In computer games, the term refers to programs that use artificial intelligence rather than human players.[1]

The term can also refer to games of pure chance, such as bunco, in which participants cannot take any action or make any decision that meaningfully alters the outcome.

Conway's Game of Life, a cellular automaton devised in 1970 by the British mathematician John Horton Conway, is considered a zero-player game because its evolution is determined by its initial state, requiring no further input from humans.[2][3] In addition, some fighting and real-time strategy games can be put into zero-player mode where one AI plays against another AI.

Types

There are various different types of games that can be considered "zero-player".[4]

Some games, such as Conway's Game of Life, evolve according to fixed rules from their initial setup. Others such as Snakes and Ladders evolve according to chance, but similarly the players have no decisions to make and have no impact on how the game progresses.

A more complex variation on the above is the case of artificial intelligences playing a game. Humans may have a challenge in designing the AI and giving it sufficient skill to play the game well, but the actual evolution of the game has no human intervention. Some strategy games allow for games with no human players to be played, turning them into zero player games.

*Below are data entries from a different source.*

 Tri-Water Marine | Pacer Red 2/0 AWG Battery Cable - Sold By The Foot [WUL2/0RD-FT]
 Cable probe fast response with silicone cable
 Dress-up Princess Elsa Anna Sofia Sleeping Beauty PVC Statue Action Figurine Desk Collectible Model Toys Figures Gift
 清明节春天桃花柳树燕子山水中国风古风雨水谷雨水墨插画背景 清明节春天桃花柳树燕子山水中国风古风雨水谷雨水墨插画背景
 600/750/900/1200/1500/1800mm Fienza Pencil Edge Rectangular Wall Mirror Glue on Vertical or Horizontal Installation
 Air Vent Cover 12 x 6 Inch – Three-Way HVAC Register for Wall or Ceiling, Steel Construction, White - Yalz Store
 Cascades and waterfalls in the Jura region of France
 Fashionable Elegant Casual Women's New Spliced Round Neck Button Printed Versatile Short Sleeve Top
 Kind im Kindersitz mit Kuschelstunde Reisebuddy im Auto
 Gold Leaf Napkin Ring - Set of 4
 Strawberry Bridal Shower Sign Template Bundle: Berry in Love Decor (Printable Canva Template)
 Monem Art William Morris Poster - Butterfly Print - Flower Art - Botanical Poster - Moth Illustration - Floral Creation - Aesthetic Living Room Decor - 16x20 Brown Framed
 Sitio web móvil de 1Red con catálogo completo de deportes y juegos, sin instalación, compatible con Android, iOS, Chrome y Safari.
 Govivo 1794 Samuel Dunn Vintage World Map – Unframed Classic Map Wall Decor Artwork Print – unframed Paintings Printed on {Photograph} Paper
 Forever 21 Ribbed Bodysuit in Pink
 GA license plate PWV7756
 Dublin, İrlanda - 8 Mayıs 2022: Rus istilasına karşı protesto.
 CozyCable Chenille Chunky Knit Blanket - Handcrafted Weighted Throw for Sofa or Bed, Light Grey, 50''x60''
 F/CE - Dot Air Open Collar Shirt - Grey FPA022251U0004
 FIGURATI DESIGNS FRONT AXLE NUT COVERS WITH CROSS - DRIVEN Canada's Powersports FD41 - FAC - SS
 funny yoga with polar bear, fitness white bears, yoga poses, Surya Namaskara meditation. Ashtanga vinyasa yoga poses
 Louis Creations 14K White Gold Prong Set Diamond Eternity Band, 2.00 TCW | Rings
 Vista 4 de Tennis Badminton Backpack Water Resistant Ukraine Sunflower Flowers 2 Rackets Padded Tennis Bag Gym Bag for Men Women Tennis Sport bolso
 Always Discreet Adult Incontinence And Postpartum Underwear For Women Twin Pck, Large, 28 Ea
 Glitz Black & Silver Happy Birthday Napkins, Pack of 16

For solved games, the optimum strategy for all players is known. Players can maximize their chances of winning by following these strategies, and any deviation would be sub-optimal play. Tic-tac-toe is a trivial example; two players who follow the easy-to-learn optimum strategy (rather than making sub-par decisions of their own) will always find their games end in a draw. More complex games have also been solved, for example checkers,[5] but in this case, learning the optimum strategy is beyond human capabilities. Solutions for even more complex games, such as chess or Go, must exist (as per Zermelo's theorem), but they have yet to be computed.

See also

References

  1. ^ "Encyclopedia of Play in Today's Society", Rodney P. Carlisle, SAGE Publications.
  2. ^ Martin Gardner (October 1970), "Mathematical games: The fantastic combinations of John Conway's new solitaire game 'Life'" (PDF), Scientific American
  3. ^ Ljiljana Petruševski; Mirjana Devetaković; Bojan Mitrović, Self-Replicating Systems in Spatial Form Generation – The Concept of Cellular Automata (PDF)
  4. ^ Björk, Staffan; Juul, Jesper (2012). "Zero-Player Games. Or: What We Talk about When We Talk about Players". The Philosophy of Computer Games Conference.
  5. ^ Minkel, J. R. "Computers Solve Checkers—It's a Draw". Scientific American. Retrieved 2020-08-02.{{cite web}}: CS1 maint: url-status (link)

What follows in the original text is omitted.